Roman Kamyshinsky, Yury Chesnokov, Liubov Dadinova, Andrey Mozhaev, Anton Orekhov, Eleonora Shtykova, Alexander Vasiliev

International Journal of Biomedicine.2019;9  Suppl_1:S15-S15.
Originally published June 29, 2019  


Background: It was shown that when exposed to extreme environment Dps-DNA co-crystallization takes place in Escherichia coli as a protective mechanism. However, to this date most of the proposed models of co-crystals were not backed up with any direct methods.
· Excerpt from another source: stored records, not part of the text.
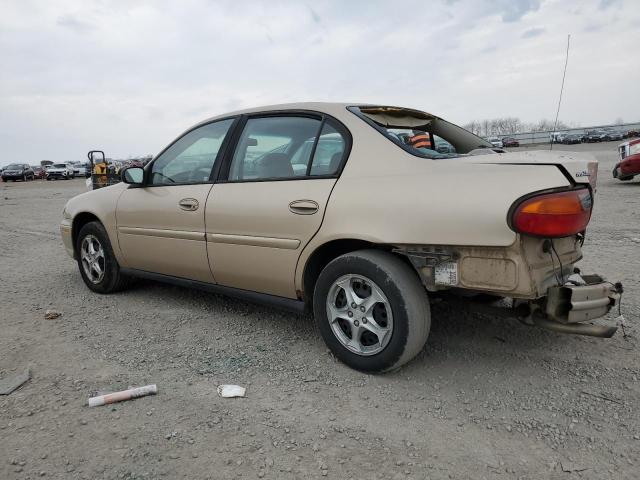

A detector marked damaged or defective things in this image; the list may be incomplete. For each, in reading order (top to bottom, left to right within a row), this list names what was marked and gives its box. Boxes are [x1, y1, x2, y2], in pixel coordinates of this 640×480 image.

rear window glass missing [350, 106, 490, 158]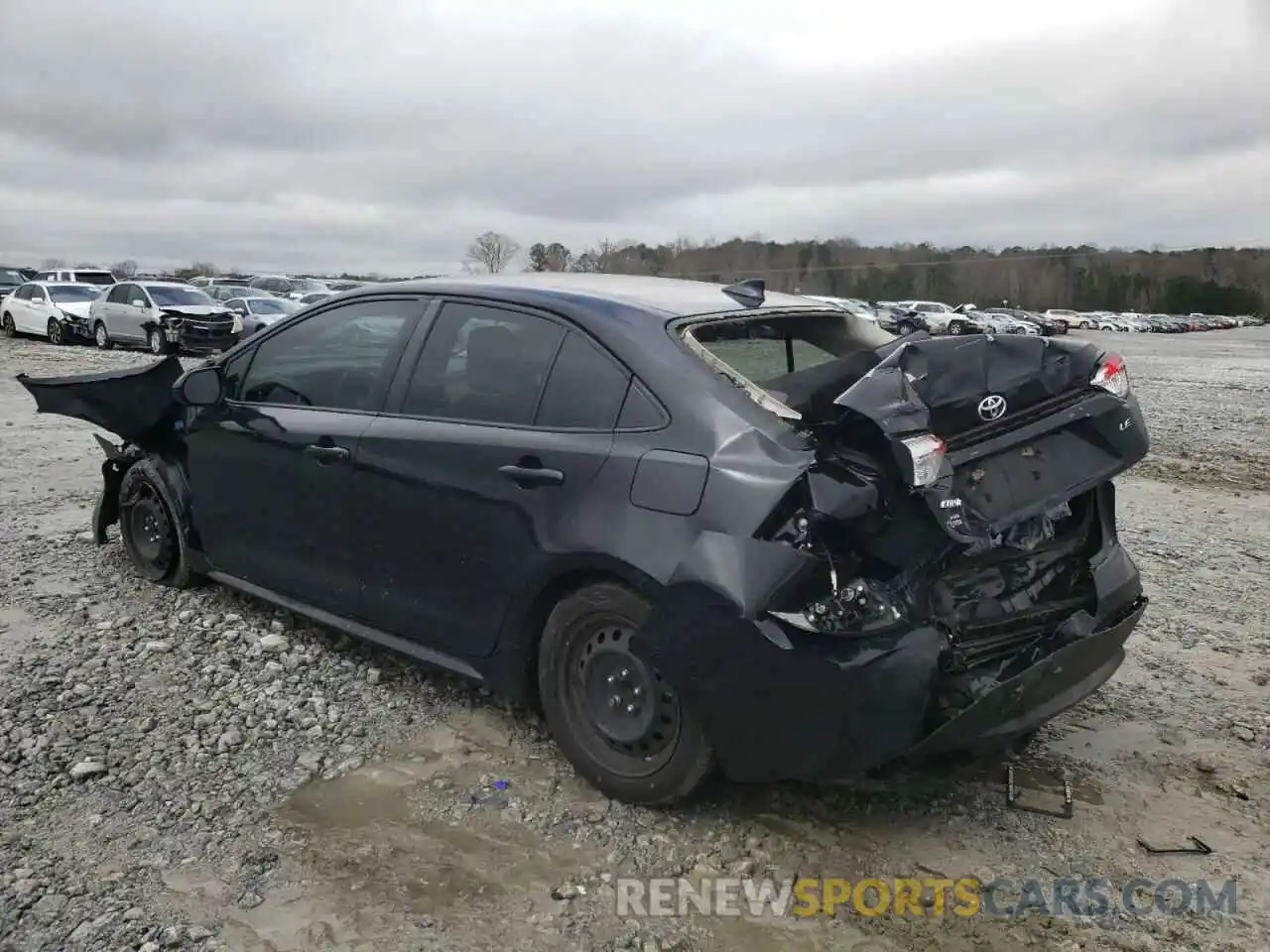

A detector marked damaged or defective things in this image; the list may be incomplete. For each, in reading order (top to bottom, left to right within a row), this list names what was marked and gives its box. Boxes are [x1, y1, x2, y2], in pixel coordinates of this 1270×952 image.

mangled front wheel [118, 460, 193, 587]
wrecked vehicle [88, 282, 242, 357]
damaged toyota corolla [17, 274, 1151, 801]
bent metal [17, 274, 1151, 801]
wrecked vehicle [20, 274, 1151, 801]
damaged door panel [15, 280, 1159, 805]
shattered taillight [897, 432, 949, 488]
shattered taillight [1095, 353, 1127, 399]
mangled front wheel [536, 579, 714, 801]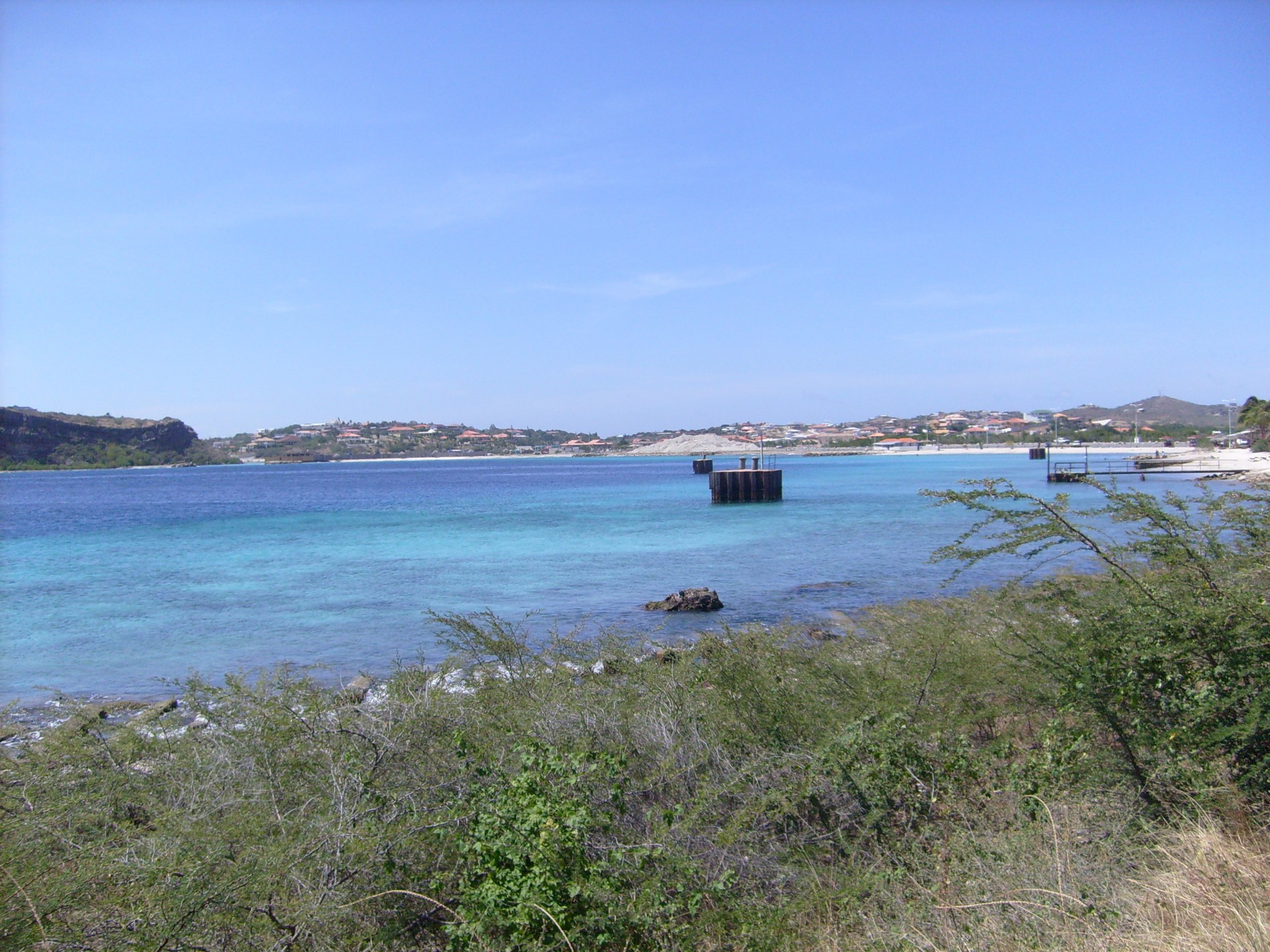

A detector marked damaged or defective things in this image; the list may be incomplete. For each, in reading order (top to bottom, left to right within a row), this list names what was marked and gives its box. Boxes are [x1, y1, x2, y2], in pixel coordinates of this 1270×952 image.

rusted metal piling [711, 459, 777, 502]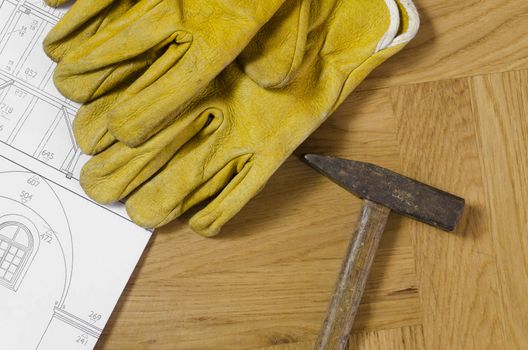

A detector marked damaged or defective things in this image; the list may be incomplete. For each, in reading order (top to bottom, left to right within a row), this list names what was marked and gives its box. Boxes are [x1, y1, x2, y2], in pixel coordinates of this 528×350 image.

rusty hammer head [304, 154, 464, 231]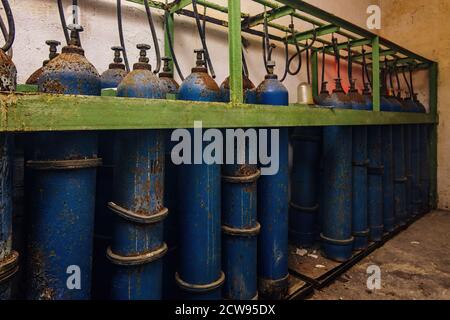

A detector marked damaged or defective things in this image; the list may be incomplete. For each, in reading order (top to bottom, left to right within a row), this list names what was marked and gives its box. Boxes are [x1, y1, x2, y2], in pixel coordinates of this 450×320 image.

rusty blue gas cylinder [26, 25, 101, 300]
rusty blue gas cylinder [107, 44, 169, 300]
rusty blue gas cylinder [175, 48, 222, 300]
rusty blue gas cylinder [220, 74, 258, 298]
rusty blue gas cylinder [255, 60, 290, 300]
rusty blue gas cylinder [322, 79, 354, 262]
rusty blue gas cylinder [348, 80, 370, 250]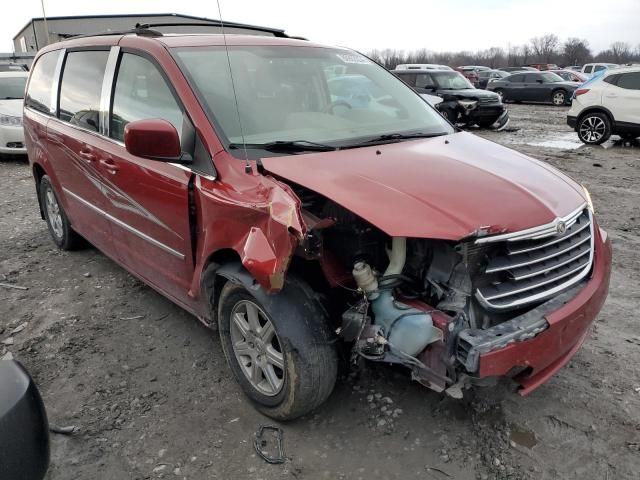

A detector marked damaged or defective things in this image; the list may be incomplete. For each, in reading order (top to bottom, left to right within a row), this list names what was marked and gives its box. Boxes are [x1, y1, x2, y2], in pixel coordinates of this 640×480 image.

bent hood [260, 132, 584, 240]
detached bumper cover [458, 224, 608, 394]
Recent developments in Cryo Electron Tomography allow to visualize co-crystals with high spacial resolution in nearly native state.
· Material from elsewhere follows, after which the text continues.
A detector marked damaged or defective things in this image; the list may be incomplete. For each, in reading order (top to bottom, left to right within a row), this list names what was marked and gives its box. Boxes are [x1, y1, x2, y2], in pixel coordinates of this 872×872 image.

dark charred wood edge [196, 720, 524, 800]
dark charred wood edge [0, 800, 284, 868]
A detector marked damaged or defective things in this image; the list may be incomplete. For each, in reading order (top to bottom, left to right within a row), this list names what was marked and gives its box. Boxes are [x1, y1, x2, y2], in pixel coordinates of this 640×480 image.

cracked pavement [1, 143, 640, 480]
Methods: The investigations were carried out in a Titan Krios 60-300 TEM/STEM (FEI, USA) CryoEM, equipped with direct electron detector Falcon II (FEI, USA) and Cs image corrector (CEOS, Germany), at accelerating voltage of 300 kV. Tilt series were collected automatically using FEI Tomography software in low-dose mode which allowed to minimize the radiation damage. Subtomogram averaging was performed in Relion2 software package. Data processing and 3D reconstruction were carried out using computing resources of the Federal Collective Usage Center Complex for Simulation and Data Processing for Mega-Science Facilities at NRC “Kurchatov Institute”.
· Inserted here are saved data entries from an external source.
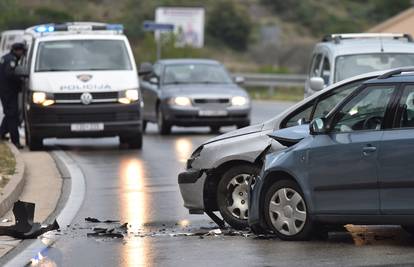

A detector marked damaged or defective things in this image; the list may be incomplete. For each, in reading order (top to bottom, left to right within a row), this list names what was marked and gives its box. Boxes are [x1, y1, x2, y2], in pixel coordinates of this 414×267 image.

crumpled front bumper [177, 170, 206, 216]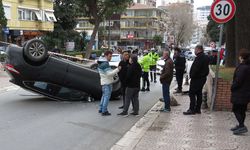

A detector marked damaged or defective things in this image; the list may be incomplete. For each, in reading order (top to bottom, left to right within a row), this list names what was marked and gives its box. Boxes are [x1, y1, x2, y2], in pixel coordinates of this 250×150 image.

overturned car [2, 39, 120, 100]
damaged vehicle [2, 39, 121, 101]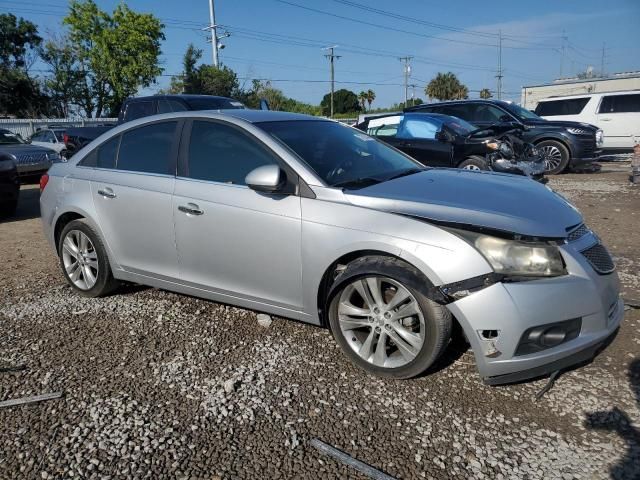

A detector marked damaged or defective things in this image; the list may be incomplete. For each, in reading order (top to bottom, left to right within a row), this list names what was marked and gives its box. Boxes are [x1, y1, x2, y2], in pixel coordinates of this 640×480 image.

damaged front bumper [438, 231, 624, 384]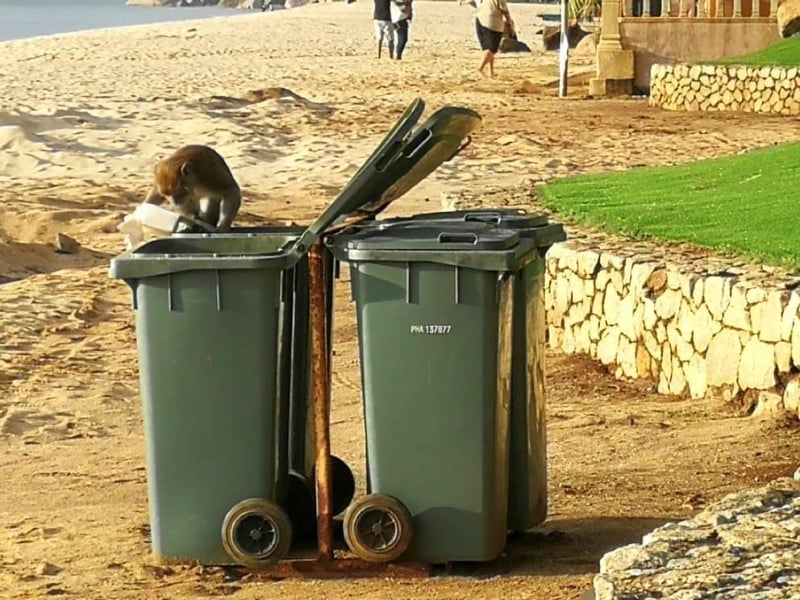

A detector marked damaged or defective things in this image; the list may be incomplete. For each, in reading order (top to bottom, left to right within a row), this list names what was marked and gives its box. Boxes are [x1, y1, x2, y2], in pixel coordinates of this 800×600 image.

rusty metal pole [306, 241, 332, 560]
Results: In this study, different types of Dps-DNA co-crystals were observed in vitro. Structural characteristics of the co-crystals were revealed for the first time by Cryo Electron Tomography. Subtomogram averaging allowed the direct visualization of Dps and DNA molecules in co-crystals. It was shown that the first type of co-crystals exhibits lamellar morphology and is formed by Dps layers alternating with DNA strands. The co-crystals adopt central symmetric triclinic crystal structure. The second type adopts body-centered cubic crystal lattice with mutually perpendicular DNA strands packed between Dps molecules. We assume that co-crystals’ structure could be dependent on the parameters of the utilized Dps and DNA solutions.
Conclusion: In this study, we established structural characteristics of different types of Dps-DNA co-crystals. The obtained results are a vital step towards understanding the mechanism of protective Dps-DNA co-crystallization process.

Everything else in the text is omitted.